#### DIRECTIONS
Copy nothing but the text: reproduce each line of the listing exactly and leave the pictures out.

#### DATA SEGMENT
_____

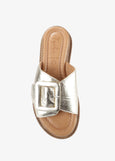 Tyche Monroe Genuine Leather Flat Sandal with Buckle in Metallic Gold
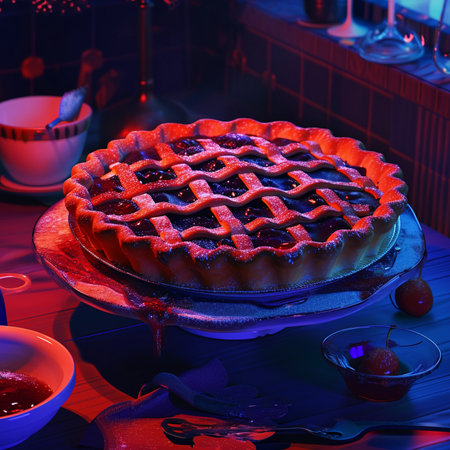 Delicious pie with berries on a wooden table. Toned.の素材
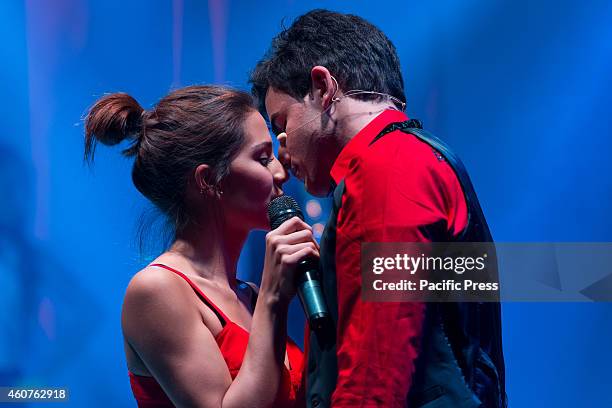 Greeicy Rendon as Daisy, star of the telefilm for teenagers "Chica Vampiro", with Santiago Talledo, as Max, during the final rehearsal of the show...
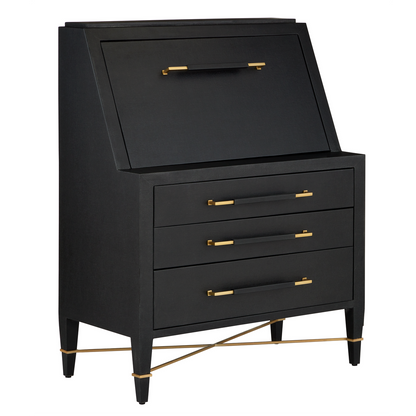 Currey & Co. 36" Verona Black Laquered Linen Secretary Desk 3000-0268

_____

#### SOLUTION FOR THIS EXERCISE
 Tyche Monroe Genuine Leather Flat Sandal with Buckle in Metallic Gold
 Delicious pie with berries on a wooden table. Toned.の素材
 Greeicy Rendon as Daisy, star of the telefilm for teenagers "Chica Vampiro", with Santiago Talledo, as Max, during the final rehearsal of the show...
 Currey & Co. 36" Verona Black Laquered Linen Secretary Desk 3000-0268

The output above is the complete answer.